A Sword of Red Ice by JV Jones is out but they do not have a copy in store.  Exile's Return by Raymond E Feist has just come in store a week after The Master had probably finished reading the book.    

Is SF/F not popular?  Amazon will be getting all of my funds from now on.


----------



## dwndrgn (Sep 10, 2004)

It's all relative.  The purchaser for each store bases their purchases on actual sales/requests/pre-orders etc. so that supposedly they should be purchasing what their current demand is.  However, there are glitches in this system so making sure that they are aware that they aren't keeping up in that area is good.  This is the perfect time to use something like http://www.planetfeedback.com to send them the message publicly.  If you don't want to do it that way, a nice note sent to them via email or snail should at the very least alert them to the issue.  Whether they then fix it or not is another problem.  But, at the very least you should get an explanation of why the shrinkage (perhaps so many people started buying sff on amazon and like places that they couldn't justify keeping that many in stock).


----------



## Silk (Sep 10, 2004)

dwndrgn said:
			
		

> (perhaps so many people started buying sff on amazon and like places that they couldn't justify keeping that many in stock).


Its probably very true, I don't think I've bought an SF/F book from an actual bookstore in years!
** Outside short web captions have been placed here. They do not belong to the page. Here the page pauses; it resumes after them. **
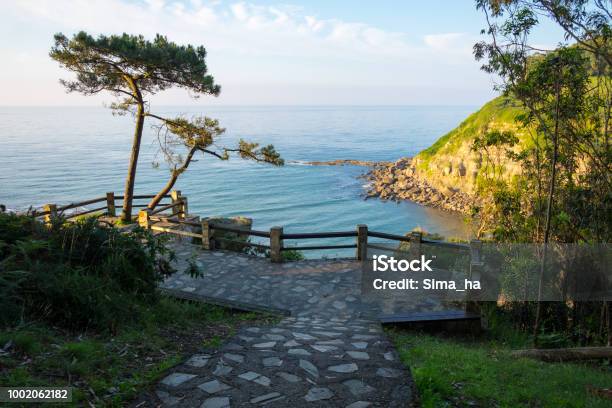 Observation Deck Nora Beach Asturias Spain Stock Photo - Download Image Now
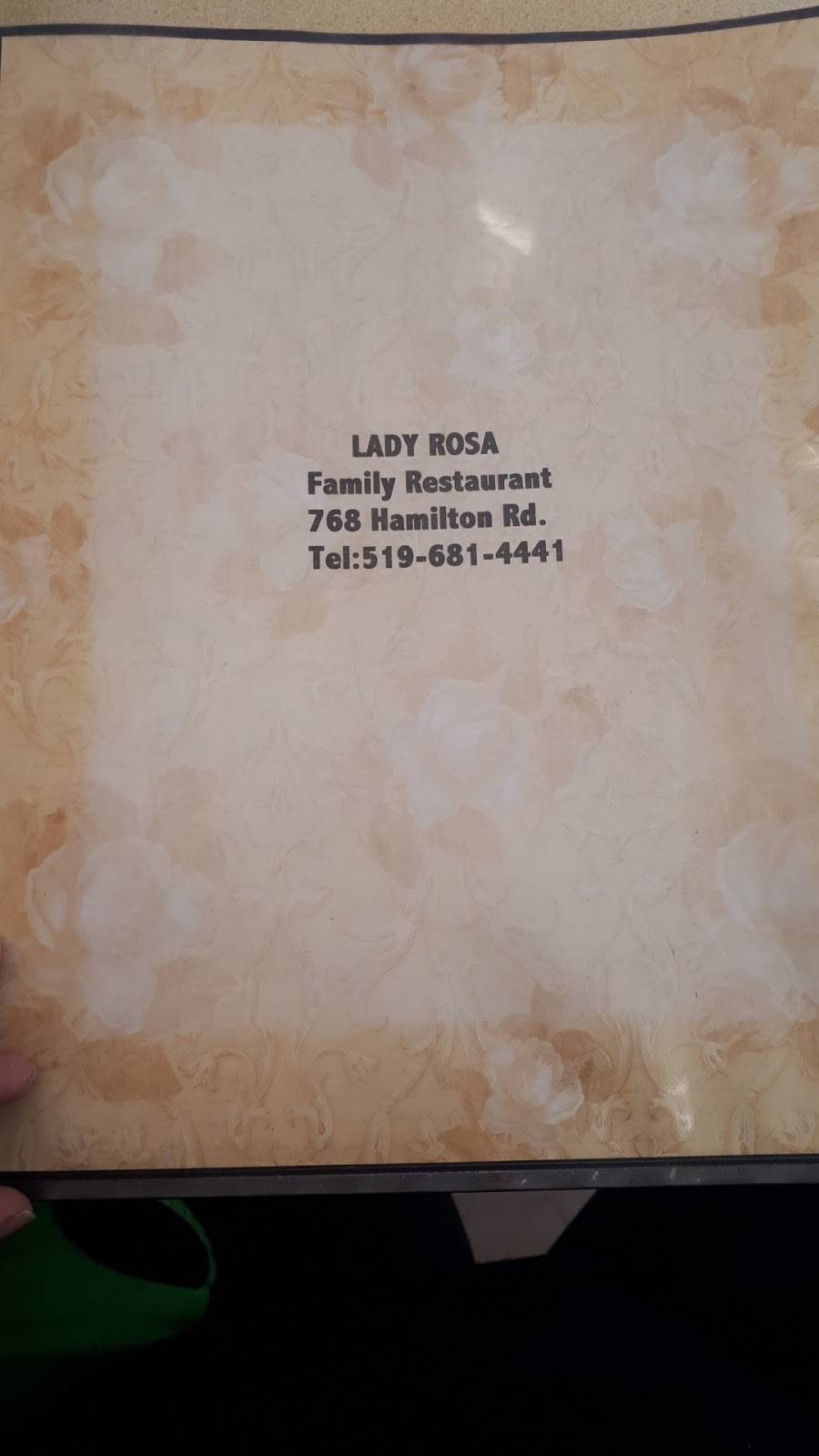 Lady Rosa Family Restaurant | restaurant | 768 Hamilton Rd, London, ON N5Z 1T9, Canada | 5196814441 OR +1 519-681-4441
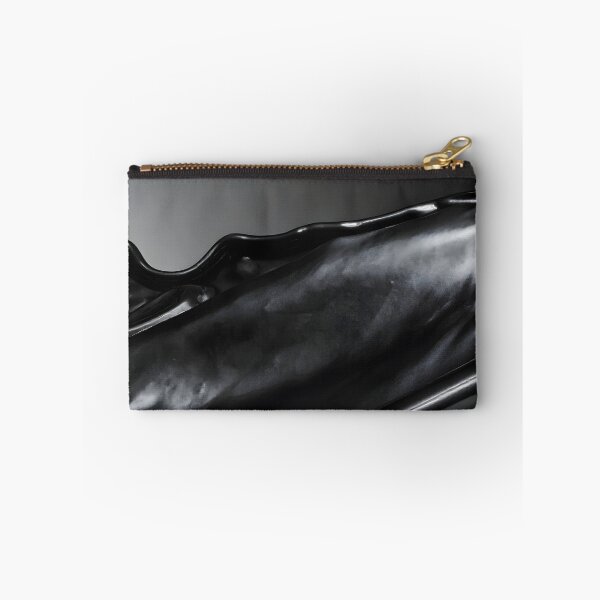 Item preview, Abstract Dark Liquid Chrome Waves Artwork designed and sold by BetweenForms.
Amazon and other stores are so much more convenient and with the discovery of Greenmetropolis.com, which sells second hand books at £3.75 each!, if you can find the one you want its totally uneconomical to drive/catch bus into town buy a book at marked price and then drive/catch bus all the way home again!

But on the flip side the reason I started this method of buying was because I couldn't guarantee that the book I wanted was in the store anyway


----------



## Lacedaemonian (Sep 10, 2004)

However, new works by the biggest authors should justify a several copies on the shelves.  In the good old days new books would be given a stand or at least a table top position.


----------



## Rane Longfox (Sep 10, 2004)

This is due mainly to the media view of sci-fi and fantasy these days, IMHO (ie. hack'n'slash or shoot'n'hack'n'slash). The three bookshops where I live for example, have about 5 columns of shelves for the genres between them, and one of those columns is Tolkien, while another is Terry Pratchett, leaving hardly any room for the massive amount of quality literature that should be on there...

(I generally find Ottakers better than Waterstones in this respect though)


----------



## Lacedaemonian (Sep 10, 2004)

But surely sales decide these matters?


----------



## Silk (Sep 10, 2004)

I think it probably still roots back with the fact a bookstore isn't the only way for the public to buy books.

With that much competition and internet sites being able to undercut the prices by a minimum of 10% and 50% in a lot of cases, the high street store is forced to place all it energy into books it knows it can sell in high volume, like harry potter and the lateset faze of romantic comedies or whatever the hell they are.

Unfortunatly, as has been pointed out in another thread here recently, SF/F has a bit of a stigma around it that its only for a very few people if not only for children in which case I can imagin bookstores passing it over for more profitable oppertunities


----------



## Silk (Sep 10, 2004)

caladanbrood said:
			
		

> This is due mainly to the media view of sci-fi and fantasy these days, IMHO (ie. hack'n'slash or shoot'n'hack'n'slash). The three bookshops where I live for example, have about 5 columns of shelves for the genres between them, and one of those columns is Tolkien, while another is Terry Pratchett, leaving hardly any room for the massive amount of quality literature that should be on there...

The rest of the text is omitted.